CS6140 Machine Learning
HW5 - Features
Make sure you check the syllabus
for the due date. Please use the notations adopted in class, even
if the problem is stated in the book using a different notation.
SpamBase-Poluted dataset:
the same datapoints as in the original Spambase dataset, only with
a lot more columns (features) : either random values, or somewhat
loose features, or duplicated original features.
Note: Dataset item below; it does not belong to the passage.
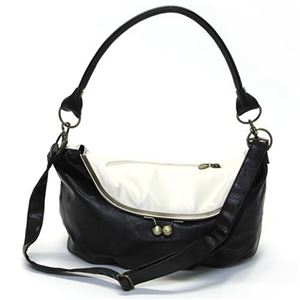 Legarto Largo（レガートラルゴ） バイカラーがオシャレ ナナメ掛けもOK♪ レトロクラシカルな2WAY がま口 ショルダー・ハンドバッグ ブラック／ホワイト LJ-20052-B／W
SpamBase-Poluted with missing values dataset: train,
test.
Same dataset, except some values (picked at random) have been
deleted.
Digits Dataset (Training data,
labels. Testing data,
labels): about 60,000 images, each 28x28 pixels representing
digit scans. Each image is labeled with the digit represented, one
of 10 classes: 0,1,2,...,9.
PROBLEM 5 : Implement Kernel PCA for linear regression (Optional, no credit)
Dataset: 1000 2-dim datapoints TwoSpirals
Dataset: 1000 2-dim datapoints ThreeCircles
A) First, train a Linear Regression (library) and confirm that it doesnt work , i.e. it has a high classification error or high Root Mean Squared Error.
B) Run KernelPCA with Gaussian Kernel to obtain a representation of T features. For reference these steps we demoed in class (Matlab):
%get pairwise squared euclidian distance
X2 = dot(X,X,2);
DIST_euclid = bsxfun(@plus, X2, X2') - 2 * X * X';
% get a kernel matrix NxN
sigma = 3;
K = exp(-DIST_euclid/sigma);
%normalize the Kernel to correspond to zero-mean
U = ones(N)/ N ;
Kn = K - U*K -K*U + U*K*U ;
% obtain kernel eignevalues, vectors; then sort them with largest eig first
[V,D] = eig(Kn,'vector') ;
[D,sorteig] = sort(D,'descend') ;
V = V(:, sorteig);
% get the projection matrix
XG = Kn*V';
%get first 3 dimmensions
X3G = XG(:,1:3);
%get first 20 dimmensions
X20G = XG(:,1:20);
%get first 100 dimmensions
X100G = XG(:,1:100);
C) Retrain Linear regression on the transformed D-dim data. How large D needs to be to get good performance?